• [Provided entries]:
━━━━━━━━━━━━━━━━━━━━
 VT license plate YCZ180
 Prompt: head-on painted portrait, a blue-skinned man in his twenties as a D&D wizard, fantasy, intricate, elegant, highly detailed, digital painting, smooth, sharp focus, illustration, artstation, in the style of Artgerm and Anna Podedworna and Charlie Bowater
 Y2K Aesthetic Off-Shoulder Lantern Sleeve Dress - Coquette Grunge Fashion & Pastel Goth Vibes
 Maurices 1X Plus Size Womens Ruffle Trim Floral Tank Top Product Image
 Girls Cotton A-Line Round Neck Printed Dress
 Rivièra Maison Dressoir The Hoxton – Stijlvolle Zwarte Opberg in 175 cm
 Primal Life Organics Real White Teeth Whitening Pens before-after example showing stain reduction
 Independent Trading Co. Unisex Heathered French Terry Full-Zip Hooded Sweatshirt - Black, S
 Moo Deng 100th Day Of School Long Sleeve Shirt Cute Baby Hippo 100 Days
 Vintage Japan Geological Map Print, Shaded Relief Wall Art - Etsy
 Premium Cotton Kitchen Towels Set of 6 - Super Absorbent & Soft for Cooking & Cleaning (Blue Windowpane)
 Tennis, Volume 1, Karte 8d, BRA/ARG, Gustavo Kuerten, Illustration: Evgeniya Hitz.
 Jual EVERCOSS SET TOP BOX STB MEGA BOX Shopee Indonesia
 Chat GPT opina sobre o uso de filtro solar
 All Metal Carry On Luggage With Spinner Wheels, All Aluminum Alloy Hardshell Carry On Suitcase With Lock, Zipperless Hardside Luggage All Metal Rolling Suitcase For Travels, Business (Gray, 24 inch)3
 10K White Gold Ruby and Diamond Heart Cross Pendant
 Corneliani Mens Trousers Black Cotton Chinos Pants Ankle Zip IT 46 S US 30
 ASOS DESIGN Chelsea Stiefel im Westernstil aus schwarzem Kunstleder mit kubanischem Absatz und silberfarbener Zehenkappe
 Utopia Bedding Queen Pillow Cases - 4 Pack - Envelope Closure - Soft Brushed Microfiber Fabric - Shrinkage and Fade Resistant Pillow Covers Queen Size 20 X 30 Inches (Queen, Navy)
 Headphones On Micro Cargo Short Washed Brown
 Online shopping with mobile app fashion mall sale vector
━━━━━━━━━━━━━━━━━━━━
• [What needs to be done]: From the entries above, print the lines beginning at the one with "Tennis, Volume 1, Karte" and stopping after the one with "10K White Gold", exactly as written and with nothing else.

• [Finished task]:
 Tennis, Volume 1, Karte 8d, BRA/ARG, Gustavo Kuerten, Illustration: Evgeniya Hitz.
 Jual EVERCOSS SET TOP BOX STB MEGA BOX Shopee Indonesia
 Chat GPT opina sobre o uso de filtro solar
 All Metal Carry On Luggage With Spinner Wheels, All Aluminum Alloy Hardshell Carry On Suitcase With Lock, Zipperless Hardside Luggage All Metal Rolling Suitcase For Travels, Business (Gray, 24 inch)3
 10K White Gold Ruby and Diamond Heart Cross Pendant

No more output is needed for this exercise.